Federal health experts will initiate air testing next week on several hundred trailers offered to people displaced by Hurricane Katrina in 2005 after complaints were made of health problems attributed to exposure to formaldehyde.
U. S. health officials said Thursday that approximately 500 of the nearly 46,000 trailers and mobile homes provided by the government to people in Louisiana and Mississippi who lost their homes in the aftermath of Hurricane Katrina will be tested for formaldehyde.
The U. S. Centers for Disease Control and Prevention will begin to test indoor air-quality on Dec. 21 and testing is expected to last five weeks.
The CDC was requested to conduct the analysis by the U.S. Federal Emergency Management Agency. Jim Stark, director of the FEMA Transitional Recovery Office of New Orleans, said approximately 3,700 people had expressed fears that the health problems they have been experiencing are due to exposure to formaldehyde in their trailers.
These people have been offered housing alternatives. “In most cases, this will mean a trip to a motel or a hotel until appropriate rental units can be found,” Stark said.
Air quality tests were supposed to be performed last month but were postponed. Questions over possible dangerous levels of formaldehyde had appeared as long as a year ago. Results of the upcoming testing should be disclosed by mid-February, officials said.

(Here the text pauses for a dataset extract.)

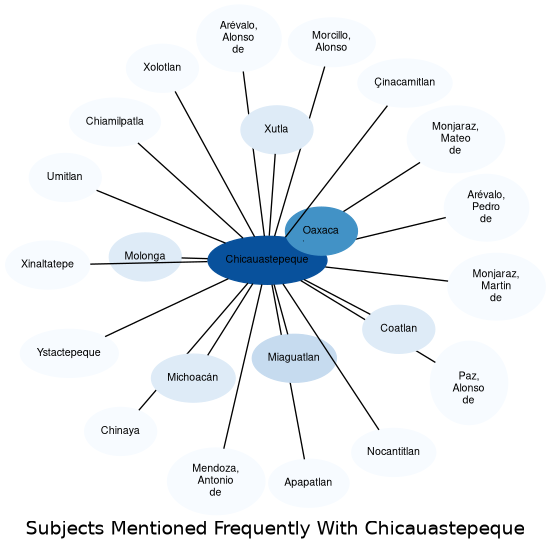 Related subjects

Formaldehyde is a common preservative and embalming fluid, and a chemical used in the manufacture of the trailers. It can cause respiratory problems such as bronchitis and is known to cause cancer; formaldehyde has been classified as a carcinogen by the International Agency for Research on Cancer.
Tens of thousands of people were displaced by Hurricanes Katrina and Rita and were provided with temporary housing by the government. Nearly 48,000 households continue to live in the trailers and mobile homes.
Henry Falk, director of the CDC's Coordinating Center for Environmental Health and Injury Prevention, said standards do not exist at the moment indicating air quality in trailers.
The federal government does not have a “single, safe, line-in-the-sand level of formaldehyde level exposure that is acceptable,” Howard Frumkin, director of the CDC's National Center for Environmental Health, said.
Questionnaires will be handed to residents of trailers exploring how the trailers are used. Officials will also be looking for other possible reasons for the health problems, such as heavy mold.
In November, the FEMA suspended the sale of its used trailers to residents and said that these constructions would no longer be used in the case of future disasters.